> WORK ITEM:
Could you restate the entries below word for word and leave the images out?

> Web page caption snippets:

------------------------

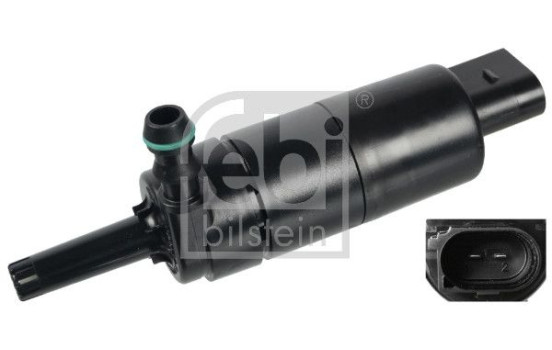 Water Pump, window cleaning 108945 FEBI, Image 2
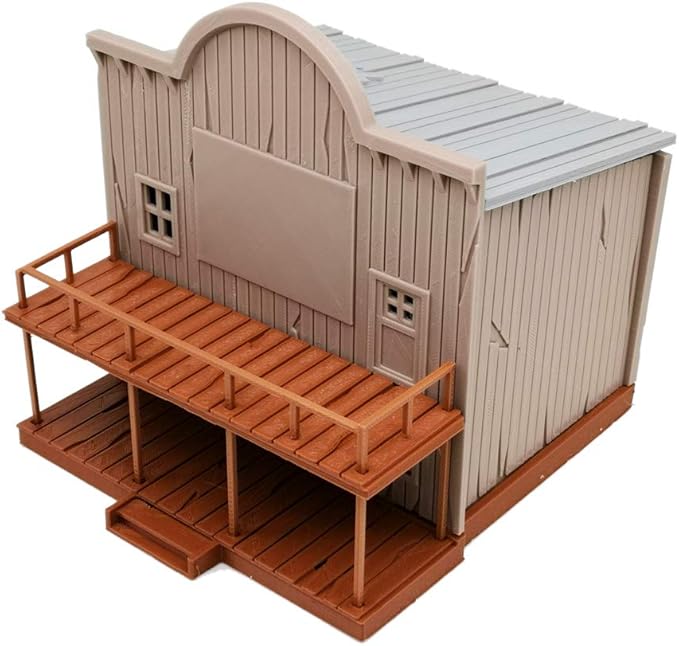 Outland Tactics War Games Miniatures Old West Town Saloon 28mm Scale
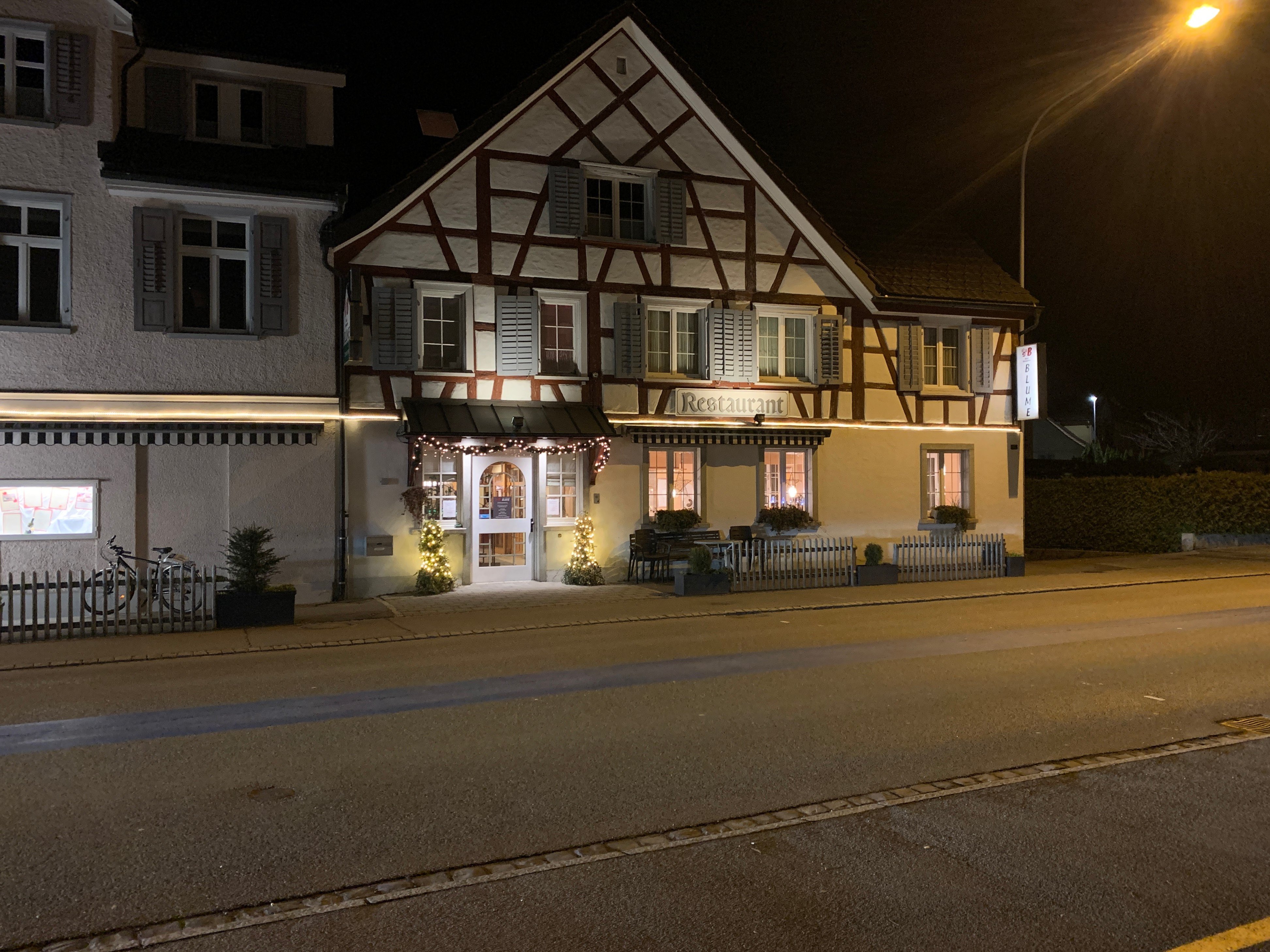 Hotel Restaurant Blume-浴室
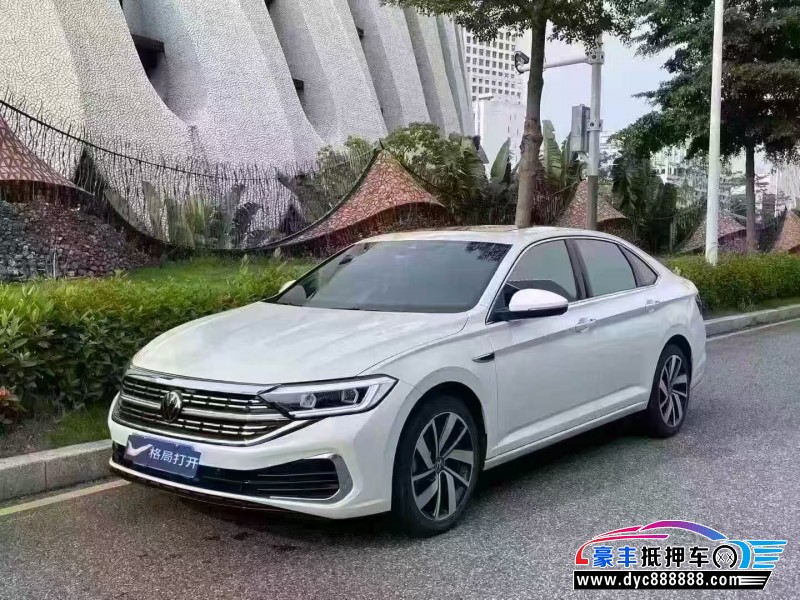 24年大众速腾轿车抵押车出售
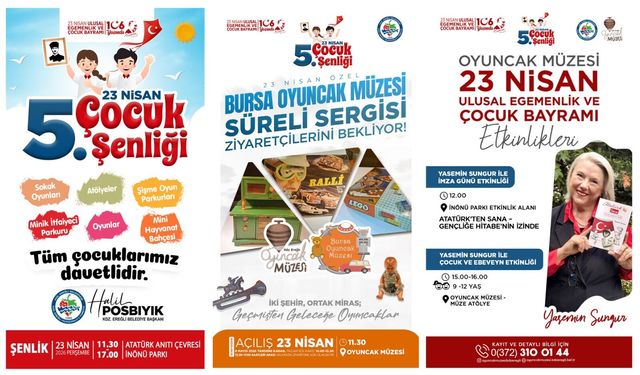 KDZ. EREĞLİ 23 NİSAN COŞKUSUNA HAZIR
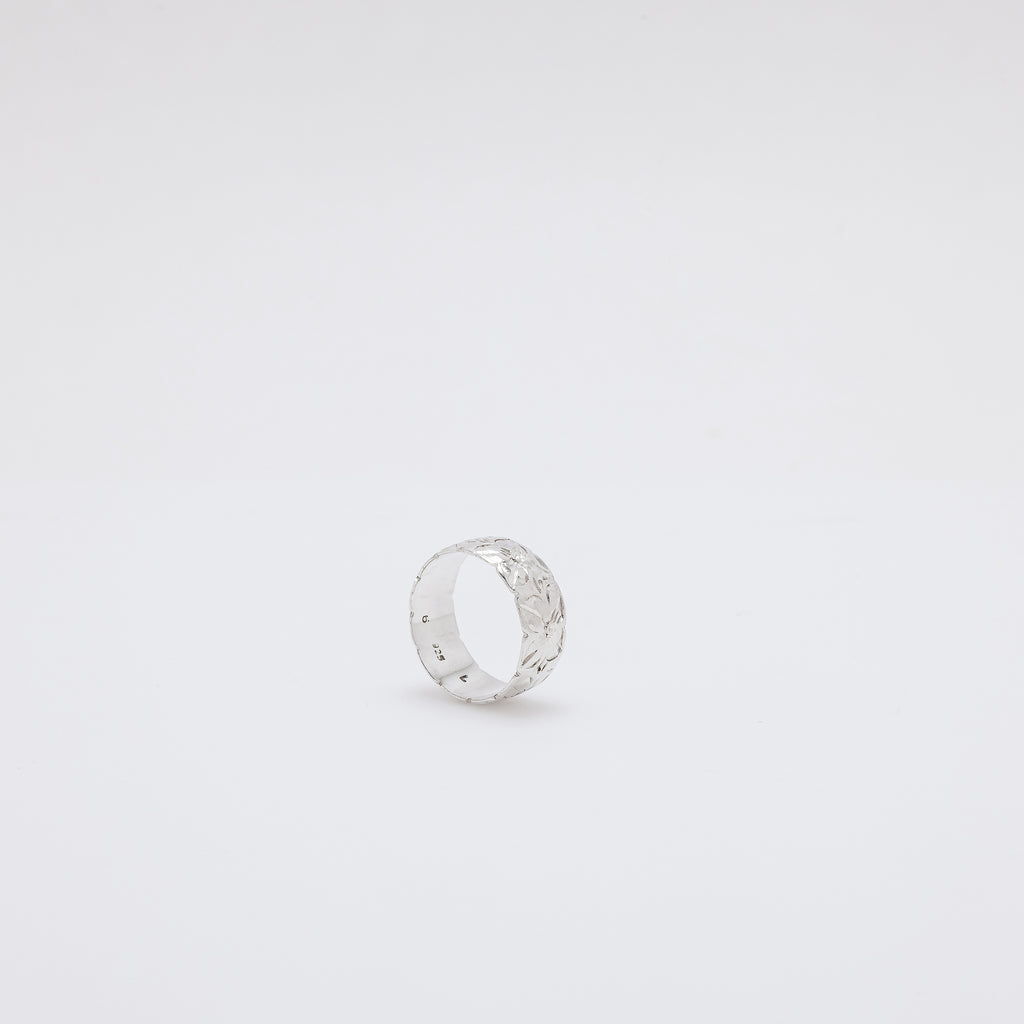 360 Plumeria Ring [Size 5.75]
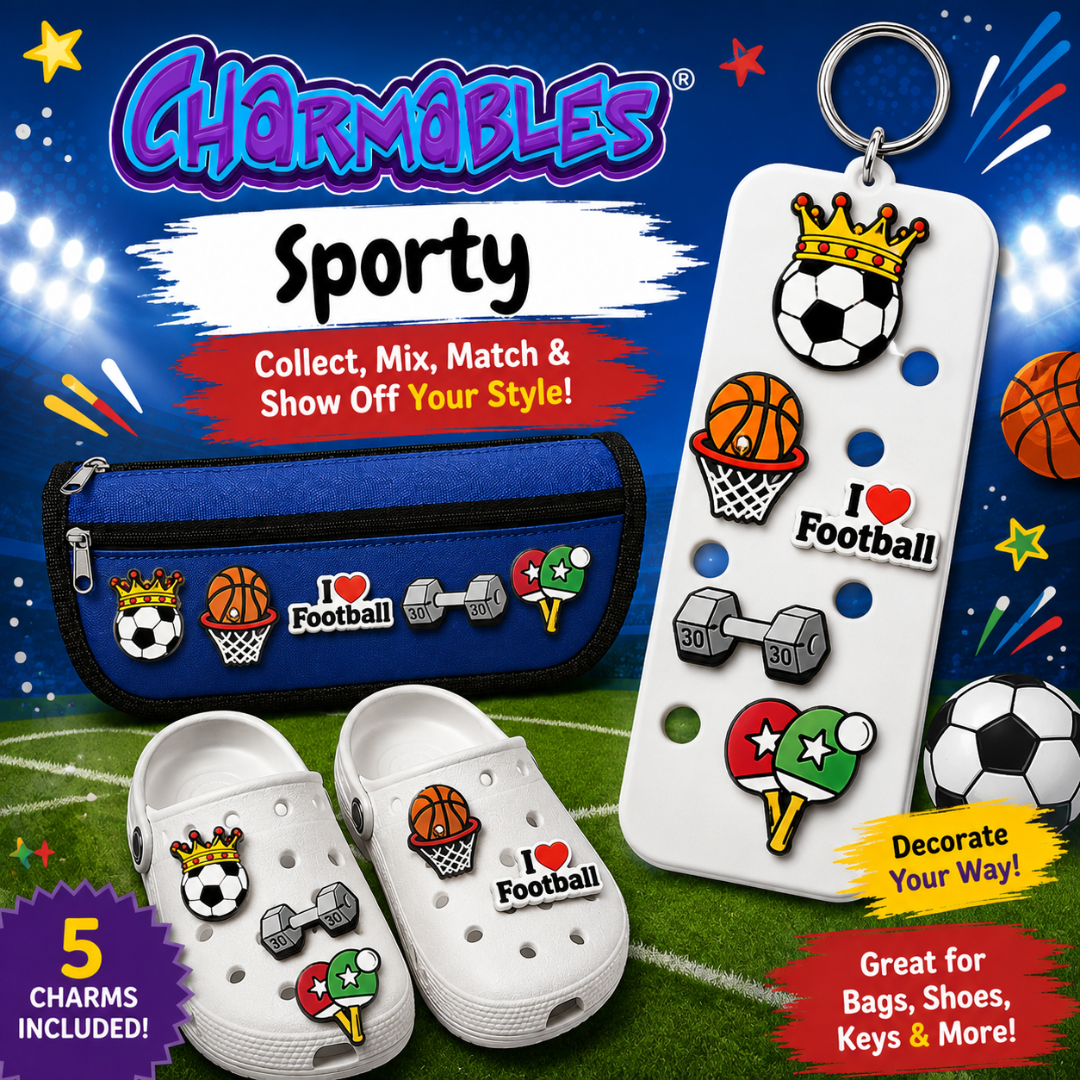 Charmables Pack - Sporty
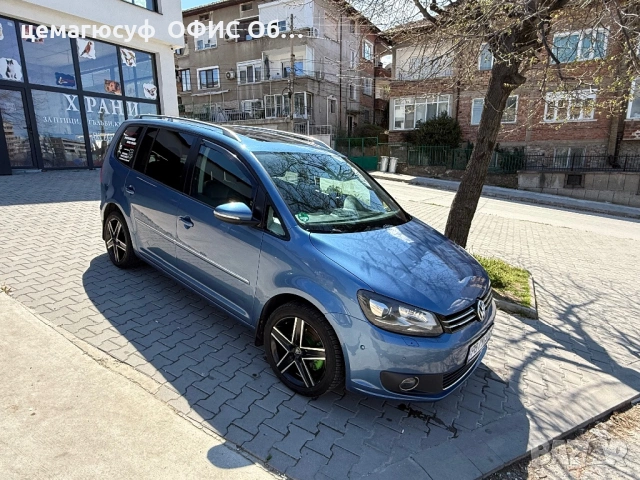 VW TOURAN внос от Германия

------------------------

> YOUR RESPONSE:
 Water Pump, window cleaning 108945 FEBI, Image 2
 Outland Tactics War Games Miniatures Old West Town Saloon 28mm Scale
 Hotel Restaurant Blume-浴室
 24年大众速腾轿车抵押车出售
 KDZ. EREĞLİ 23 NİSAN COŞKUSUNA HAZIR
 360 Plumeria Ring [Size 5.75]
 Charmables Pack - Sporty
 VW TOURAN внос от Германия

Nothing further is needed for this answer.